Elegy for a man made of violence.
JOHN WICK: CHAPTER FOUR moves like a final movement in an action symphony — louder, broader, but also unexpectedly mournful. If the series began in intimacy and spiralled outward into architecture and ritual, this film completes the arc by returning to something elemental: the cost of being John Wick. Not the myth. The man.
From the opening frames, Reeves plays Wick with a gravity that feels earned. He is slower, heavier, but never weaker. There’s a dignity to this version of the character — a sense that every step is a negotiation with pain, and every choice is sharpened by the knowledge that he’s running out of road. The film acknowledges that weight without melodrama. Wick’s silence, always meaningful, becomes the emotional spine of the narrative: a refusal to explain what the body already knows.

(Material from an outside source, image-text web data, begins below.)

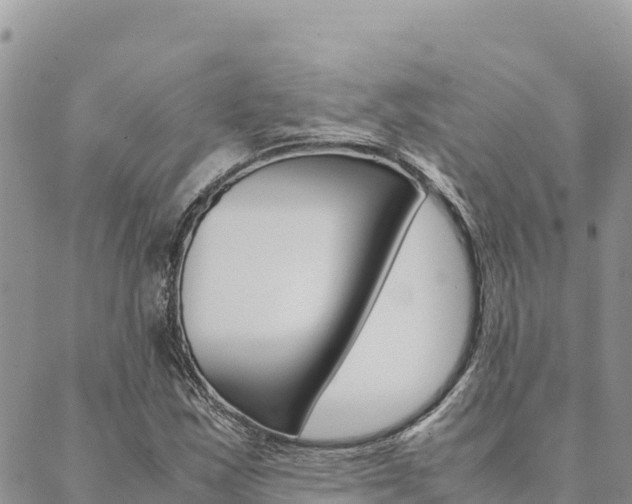 X0000090471163200707131011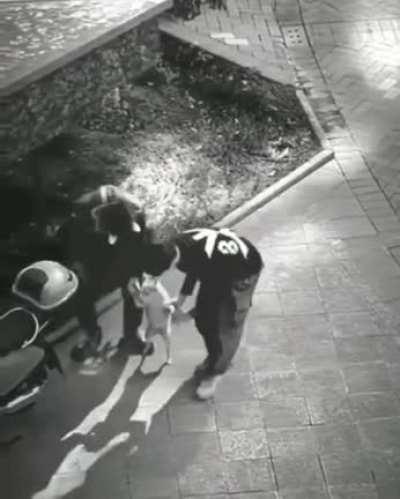 just a couple homies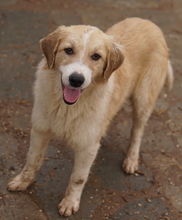 ALRAKIS, Hund, Mischlingshund in Griechenland - Bild 6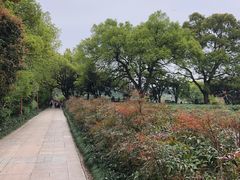 -中国茶叶博物馆(双峰馆区)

The supporting cast turns JOHN WICK: CHAPTER FOUR into a global tapestry of competing philosophies, loyalties, and codes. Donnie Yen’s Caine is the standout — a blind assassin whose elegance, humour, and deep sorrow create the richest character the series has introduced since the beginning. Yen plays him like a man who has made peace with doing terrible things but not with the reason he’s forced to do them. His scenes with Reeves have a generational weight, two legends communicating in glances and timing rather than words.
Hiroyuki Sanada’s Shimazu brings a quiet nobility; his Osaka Continental is a sanctuary under siege, framed with the reverence of a temple and the fragility of a memory. Rina Sawayama’s Akira, fiercely loyal and quietly furious, gives the film a pulsing emotional throughline that hints at futures and vengeance yet to come. Scott Adkins, buried under prosthetics, somehow delivers one of the series’ most entertaining villain turns — physical, grotesque, rhythmic, and weirdly magnetic.
And then there is Shamier Anderson’s Tracker (or Mr. Nobody), who slides into the film with a curiosity and moral ambiguity the series has never quite explored before. He treats Wick not as a legend or target, but as a problem he is studying. Their dynamic becomes a subtle meditation on value — who determines it, who preserves it, and who manipulates it.
The fight sequences, once again, redefine the language of modern action. The Berlin nightclub is a swirling inferno of bodies and water and brutality. The Arc de Triomphe sequence is staged with absurd audacity, a vehicular ballet of near-misses and bone-breaking impacts. But the pièce de résistance is the overhead shot in the abandoned house — a single-take glide across rooms as Wick wields a Dragon’s Breath shotgun, each blast illuminating the choreography like a lantern. It’s bravura filmmaking, but never empty. The geography is clear. The stakes are felt. The momentum is earned.
What distinguishes JOHN WICK: CHAPTER FOUR is how it balances maximalist spectacle with genuine introspection. For the first time since the series began, Wick is given space to contemplate something other than survival. The duel at sunrise — classical, methodical, stripped of noise — becomes a reclamation of agency. A man choosing his final act rather than being shoved into another cycle of enforced loyalty.
The final scenes, quiet and sincere, give the series an ending rooted not in body counts but in dignity. Wick’s last gesture isn’t violent. It’s human. And the film trusts us enough to sit with that without undercutting it.
JOHN WICK: CHAPTER FOUR is the culmination of a decade-long experiment in action filmmaking — grand, muscular, emotionally resonant, and visually operatic. It honours what came before while daring to leave the audience with stillness instead of shock.
A masterwork of physical cinema. A farewell with weight. A myth allowed to die a man.